## Work instruction
The lines from the start of the data through the line with "Mehr über den" are to be returned verbatim; all later lines are to be omitted.

[Entries taken from a collection]
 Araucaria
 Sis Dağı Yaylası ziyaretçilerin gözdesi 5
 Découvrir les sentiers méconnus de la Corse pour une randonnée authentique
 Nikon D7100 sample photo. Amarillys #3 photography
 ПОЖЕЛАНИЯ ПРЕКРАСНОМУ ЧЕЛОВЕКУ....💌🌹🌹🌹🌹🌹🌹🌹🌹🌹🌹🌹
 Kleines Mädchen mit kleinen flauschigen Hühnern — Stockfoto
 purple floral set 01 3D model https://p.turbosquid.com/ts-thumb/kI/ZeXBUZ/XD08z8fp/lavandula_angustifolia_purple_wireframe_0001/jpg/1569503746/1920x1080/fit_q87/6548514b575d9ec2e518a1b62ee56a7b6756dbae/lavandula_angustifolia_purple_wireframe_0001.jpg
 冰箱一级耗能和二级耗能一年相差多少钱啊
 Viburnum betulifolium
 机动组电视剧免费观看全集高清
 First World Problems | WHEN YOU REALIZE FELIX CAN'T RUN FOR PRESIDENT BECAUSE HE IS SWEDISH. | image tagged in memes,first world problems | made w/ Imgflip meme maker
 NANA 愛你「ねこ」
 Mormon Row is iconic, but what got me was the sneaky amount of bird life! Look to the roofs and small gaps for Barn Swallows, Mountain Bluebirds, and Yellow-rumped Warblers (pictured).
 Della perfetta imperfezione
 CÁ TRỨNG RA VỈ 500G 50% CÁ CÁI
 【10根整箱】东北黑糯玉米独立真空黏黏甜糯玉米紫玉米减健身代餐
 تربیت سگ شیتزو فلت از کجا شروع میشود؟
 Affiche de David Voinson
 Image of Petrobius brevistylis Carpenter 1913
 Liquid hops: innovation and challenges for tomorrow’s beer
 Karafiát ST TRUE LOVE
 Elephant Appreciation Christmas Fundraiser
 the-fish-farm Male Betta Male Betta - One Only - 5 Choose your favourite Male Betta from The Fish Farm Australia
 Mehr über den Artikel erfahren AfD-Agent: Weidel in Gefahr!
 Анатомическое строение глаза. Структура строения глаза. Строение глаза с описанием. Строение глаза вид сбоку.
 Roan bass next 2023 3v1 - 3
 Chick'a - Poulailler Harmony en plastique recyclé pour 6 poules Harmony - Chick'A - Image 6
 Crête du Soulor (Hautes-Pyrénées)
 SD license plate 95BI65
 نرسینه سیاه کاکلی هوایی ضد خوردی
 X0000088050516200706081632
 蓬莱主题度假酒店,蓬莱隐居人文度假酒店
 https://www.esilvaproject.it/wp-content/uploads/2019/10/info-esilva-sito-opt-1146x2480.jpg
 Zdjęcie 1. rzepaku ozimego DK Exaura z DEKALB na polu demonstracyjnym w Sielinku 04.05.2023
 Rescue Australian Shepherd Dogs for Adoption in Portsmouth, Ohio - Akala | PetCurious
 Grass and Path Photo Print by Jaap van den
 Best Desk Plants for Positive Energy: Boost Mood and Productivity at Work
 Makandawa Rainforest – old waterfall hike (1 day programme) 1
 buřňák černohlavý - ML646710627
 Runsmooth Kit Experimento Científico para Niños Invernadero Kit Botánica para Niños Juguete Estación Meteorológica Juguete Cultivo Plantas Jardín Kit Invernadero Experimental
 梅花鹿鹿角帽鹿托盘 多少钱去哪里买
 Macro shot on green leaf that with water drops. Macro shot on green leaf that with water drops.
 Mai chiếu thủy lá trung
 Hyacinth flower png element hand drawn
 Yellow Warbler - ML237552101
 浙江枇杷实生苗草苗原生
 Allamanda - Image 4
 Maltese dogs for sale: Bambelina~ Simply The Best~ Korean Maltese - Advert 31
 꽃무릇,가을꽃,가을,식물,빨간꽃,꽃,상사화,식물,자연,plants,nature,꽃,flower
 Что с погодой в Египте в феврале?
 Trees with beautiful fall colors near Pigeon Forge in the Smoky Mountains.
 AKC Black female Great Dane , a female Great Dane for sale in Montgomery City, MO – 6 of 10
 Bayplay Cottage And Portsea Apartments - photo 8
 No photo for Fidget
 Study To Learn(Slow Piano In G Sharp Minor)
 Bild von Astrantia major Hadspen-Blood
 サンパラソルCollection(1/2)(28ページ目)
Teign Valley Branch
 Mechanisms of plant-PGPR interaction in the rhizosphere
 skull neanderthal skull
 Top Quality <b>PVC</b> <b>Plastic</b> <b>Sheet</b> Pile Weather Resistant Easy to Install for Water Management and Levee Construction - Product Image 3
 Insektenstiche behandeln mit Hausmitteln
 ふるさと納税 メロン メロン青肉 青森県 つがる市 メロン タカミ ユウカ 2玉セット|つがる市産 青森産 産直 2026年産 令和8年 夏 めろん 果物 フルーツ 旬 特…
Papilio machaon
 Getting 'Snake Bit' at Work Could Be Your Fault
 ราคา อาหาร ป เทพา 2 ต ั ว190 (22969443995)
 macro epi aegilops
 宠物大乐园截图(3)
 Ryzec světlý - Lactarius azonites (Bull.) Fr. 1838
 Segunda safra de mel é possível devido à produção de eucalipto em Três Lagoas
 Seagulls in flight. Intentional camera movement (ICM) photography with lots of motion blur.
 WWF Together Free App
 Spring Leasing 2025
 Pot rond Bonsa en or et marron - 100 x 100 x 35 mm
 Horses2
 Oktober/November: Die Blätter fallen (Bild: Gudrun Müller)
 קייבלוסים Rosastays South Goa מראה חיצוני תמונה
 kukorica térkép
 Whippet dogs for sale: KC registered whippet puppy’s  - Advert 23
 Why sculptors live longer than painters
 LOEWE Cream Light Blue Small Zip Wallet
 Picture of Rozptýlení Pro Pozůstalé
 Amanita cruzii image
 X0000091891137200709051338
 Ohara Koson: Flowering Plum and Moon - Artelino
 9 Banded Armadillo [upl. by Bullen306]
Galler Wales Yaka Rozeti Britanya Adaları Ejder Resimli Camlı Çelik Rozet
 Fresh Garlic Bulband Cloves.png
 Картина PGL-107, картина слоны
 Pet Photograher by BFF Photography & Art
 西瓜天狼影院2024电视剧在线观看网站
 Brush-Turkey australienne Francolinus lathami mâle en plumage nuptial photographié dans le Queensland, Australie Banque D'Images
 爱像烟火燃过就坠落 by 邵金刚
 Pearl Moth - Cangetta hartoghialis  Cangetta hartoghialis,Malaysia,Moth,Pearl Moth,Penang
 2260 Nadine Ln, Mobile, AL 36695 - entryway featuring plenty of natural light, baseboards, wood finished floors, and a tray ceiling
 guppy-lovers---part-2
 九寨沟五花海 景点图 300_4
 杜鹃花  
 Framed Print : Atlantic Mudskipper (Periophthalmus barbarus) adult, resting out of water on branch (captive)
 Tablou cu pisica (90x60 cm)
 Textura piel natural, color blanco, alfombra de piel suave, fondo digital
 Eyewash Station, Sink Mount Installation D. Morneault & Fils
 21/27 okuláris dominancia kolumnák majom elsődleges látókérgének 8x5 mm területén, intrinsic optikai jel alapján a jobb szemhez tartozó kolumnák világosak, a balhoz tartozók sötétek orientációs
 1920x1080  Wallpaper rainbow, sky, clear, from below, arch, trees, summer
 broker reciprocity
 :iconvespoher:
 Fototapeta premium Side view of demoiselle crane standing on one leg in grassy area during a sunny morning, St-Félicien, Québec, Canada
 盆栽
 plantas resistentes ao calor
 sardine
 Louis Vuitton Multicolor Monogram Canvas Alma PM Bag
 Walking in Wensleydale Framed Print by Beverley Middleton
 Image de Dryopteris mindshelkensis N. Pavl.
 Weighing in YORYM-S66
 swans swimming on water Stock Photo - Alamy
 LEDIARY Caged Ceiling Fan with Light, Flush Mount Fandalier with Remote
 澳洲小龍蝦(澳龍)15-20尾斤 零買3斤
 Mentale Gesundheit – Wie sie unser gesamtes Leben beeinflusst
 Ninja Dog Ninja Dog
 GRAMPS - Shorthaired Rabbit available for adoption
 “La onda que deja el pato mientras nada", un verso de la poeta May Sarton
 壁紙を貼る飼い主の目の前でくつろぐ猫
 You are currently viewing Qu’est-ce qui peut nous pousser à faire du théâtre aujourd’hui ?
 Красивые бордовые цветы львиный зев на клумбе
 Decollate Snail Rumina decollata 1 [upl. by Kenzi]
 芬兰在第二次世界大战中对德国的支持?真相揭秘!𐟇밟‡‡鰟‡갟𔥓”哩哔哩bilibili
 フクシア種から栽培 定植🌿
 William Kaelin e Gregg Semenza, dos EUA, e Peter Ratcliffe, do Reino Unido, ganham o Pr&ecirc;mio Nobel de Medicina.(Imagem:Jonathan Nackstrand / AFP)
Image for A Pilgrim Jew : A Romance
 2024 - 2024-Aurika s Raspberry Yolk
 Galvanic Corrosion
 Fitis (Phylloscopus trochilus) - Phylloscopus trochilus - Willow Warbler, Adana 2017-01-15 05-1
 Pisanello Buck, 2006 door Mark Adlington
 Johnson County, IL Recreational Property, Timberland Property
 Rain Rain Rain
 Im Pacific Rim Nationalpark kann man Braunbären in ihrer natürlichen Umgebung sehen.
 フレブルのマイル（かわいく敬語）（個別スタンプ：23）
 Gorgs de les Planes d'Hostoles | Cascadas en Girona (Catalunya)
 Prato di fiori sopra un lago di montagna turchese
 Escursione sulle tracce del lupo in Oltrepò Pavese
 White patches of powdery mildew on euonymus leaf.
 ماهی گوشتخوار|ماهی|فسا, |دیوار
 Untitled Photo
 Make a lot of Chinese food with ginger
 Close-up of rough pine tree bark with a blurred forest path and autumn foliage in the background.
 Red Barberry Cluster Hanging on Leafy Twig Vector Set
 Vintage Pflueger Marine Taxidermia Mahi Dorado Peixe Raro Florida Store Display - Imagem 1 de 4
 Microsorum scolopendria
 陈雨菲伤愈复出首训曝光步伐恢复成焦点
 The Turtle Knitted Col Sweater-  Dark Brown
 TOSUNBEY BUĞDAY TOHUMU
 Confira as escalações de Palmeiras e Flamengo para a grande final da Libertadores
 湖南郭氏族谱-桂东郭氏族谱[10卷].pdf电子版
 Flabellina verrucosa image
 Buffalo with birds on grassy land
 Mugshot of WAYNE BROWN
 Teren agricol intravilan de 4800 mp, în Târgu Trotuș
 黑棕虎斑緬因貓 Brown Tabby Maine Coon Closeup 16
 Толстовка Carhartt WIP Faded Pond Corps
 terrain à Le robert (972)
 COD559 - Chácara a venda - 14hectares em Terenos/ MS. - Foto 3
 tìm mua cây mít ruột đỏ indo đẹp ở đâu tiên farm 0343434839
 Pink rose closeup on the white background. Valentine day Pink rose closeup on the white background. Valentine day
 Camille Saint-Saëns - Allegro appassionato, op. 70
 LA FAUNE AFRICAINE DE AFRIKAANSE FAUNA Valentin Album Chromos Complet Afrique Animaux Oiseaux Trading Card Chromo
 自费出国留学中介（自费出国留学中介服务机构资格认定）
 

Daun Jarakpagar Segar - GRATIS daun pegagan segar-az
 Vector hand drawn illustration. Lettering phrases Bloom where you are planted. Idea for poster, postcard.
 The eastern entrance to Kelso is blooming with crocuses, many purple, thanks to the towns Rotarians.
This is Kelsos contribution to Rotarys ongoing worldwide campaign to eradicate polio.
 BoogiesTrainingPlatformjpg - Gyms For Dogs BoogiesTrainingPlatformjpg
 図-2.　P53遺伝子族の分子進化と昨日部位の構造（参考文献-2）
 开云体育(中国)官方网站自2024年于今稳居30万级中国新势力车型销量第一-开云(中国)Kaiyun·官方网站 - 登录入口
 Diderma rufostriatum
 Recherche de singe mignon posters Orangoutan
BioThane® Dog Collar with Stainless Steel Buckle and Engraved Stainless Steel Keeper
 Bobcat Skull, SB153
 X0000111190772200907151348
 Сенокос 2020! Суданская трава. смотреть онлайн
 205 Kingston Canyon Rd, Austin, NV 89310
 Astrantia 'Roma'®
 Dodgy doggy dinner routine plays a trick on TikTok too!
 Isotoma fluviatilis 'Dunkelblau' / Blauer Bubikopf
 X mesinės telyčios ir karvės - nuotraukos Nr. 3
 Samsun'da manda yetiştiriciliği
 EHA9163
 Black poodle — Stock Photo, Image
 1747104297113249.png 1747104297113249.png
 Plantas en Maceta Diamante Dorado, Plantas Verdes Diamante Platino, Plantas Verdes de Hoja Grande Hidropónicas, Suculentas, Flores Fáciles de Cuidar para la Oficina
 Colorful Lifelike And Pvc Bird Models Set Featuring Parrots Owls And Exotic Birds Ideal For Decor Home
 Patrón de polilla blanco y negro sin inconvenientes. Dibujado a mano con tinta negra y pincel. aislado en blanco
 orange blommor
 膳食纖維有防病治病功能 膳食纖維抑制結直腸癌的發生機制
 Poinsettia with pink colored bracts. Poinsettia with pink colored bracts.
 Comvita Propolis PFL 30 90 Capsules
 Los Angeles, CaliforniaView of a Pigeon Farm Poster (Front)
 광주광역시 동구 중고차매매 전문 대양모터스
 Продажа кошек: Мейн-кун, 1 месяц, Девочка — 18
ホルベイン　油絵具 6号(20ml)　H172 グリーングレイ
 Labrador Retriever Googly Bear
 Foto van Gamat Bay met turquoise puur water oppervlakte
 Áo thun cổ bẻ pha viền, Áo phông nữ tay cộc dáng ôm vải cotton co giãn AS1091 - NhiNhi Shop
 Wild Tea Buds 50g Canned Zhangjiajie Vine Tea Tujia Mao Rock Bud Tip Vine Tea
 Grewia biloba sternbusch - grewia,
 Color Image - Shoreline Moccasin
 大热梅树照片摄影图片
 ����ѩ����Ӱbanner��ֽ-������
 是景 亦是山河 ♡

## Answer area
 Araucaria
 Sis Dağı Yaylası ziyaretçilerin gözdesi 5
 Découvrir les sentiers méconnus de la Corse pour une randonnée authentique
 Nikon D7100 sample photo. Amarillys #3 photography
 ПОЖЕЛАНИЯ ПРЕКРАСНОМУ ЧЕЛОВЕКУ....💌🌹🌹🌹🌹🌹🌹🌹🌹🌹🌹🌹
 Kleines Mädchen mit kleinen flauschigen Hühnern — Stockfoto
 purple floral set 01 3D model https://p.turbosquid.com/ts-thumb/kI/ZeXBUZ/XD08z8fp/lavandula_angustifolia_purple_wireframe_0001/jpg/1569503746/1920x1080/fit_q87/6548514b575d9ec2e518a1b62ee56a7b6756dbae/lavandula_angustifolia_purple_wireframe_0001.jpg
 冰箱一级耗能和二级耗能一年相差多少钱啊
 Viburnum betulifolium
 机动组电视剧免费观看全集高清
 First World Problems | WHEN YOU REALIZE FELIX CAN'T RUN FOR PRESIDENT BECAUSE HE IS SWEDISH. | image tagged in memes,first world problems | made w/ Imgflip meme maker
 NANA 愛你「ねこ」
 Mormon Row is iconic, but what got me was the sneaky amount of bird life! Look to the roofs and small gaps for Barn Swallows, Mountain Bluebirds, and Yellow-rumped Warblers (pictured).
 Della perfetta imperfezione
 CÁ TRỨNG RA VỈ 500G 50% CÁ CÁI
 【10根整箱】东北黑糯玉米独立真空黏黏甜糯玉米紫玉米减健身代餐
 تربیت سگ شیتزو فلت از کجا شروع میشود؟
 Affiche de David Voinson
 Image of Petrobius brevistylis Carpenter 1913
 Liquid hops: innovation and challenges for tomorrow’s beer
 Karafiát ST TRUE LOVE
 Elephant Appreciation Christmas Fundraiser
 the-fish-farm Male Betta Male Betta - One Only - 5 Choose your favourite Male Betta from The Fish Farm Australia
 Mehr über den Artikel erfahren AfD-Agent: Weidel in Gefahr!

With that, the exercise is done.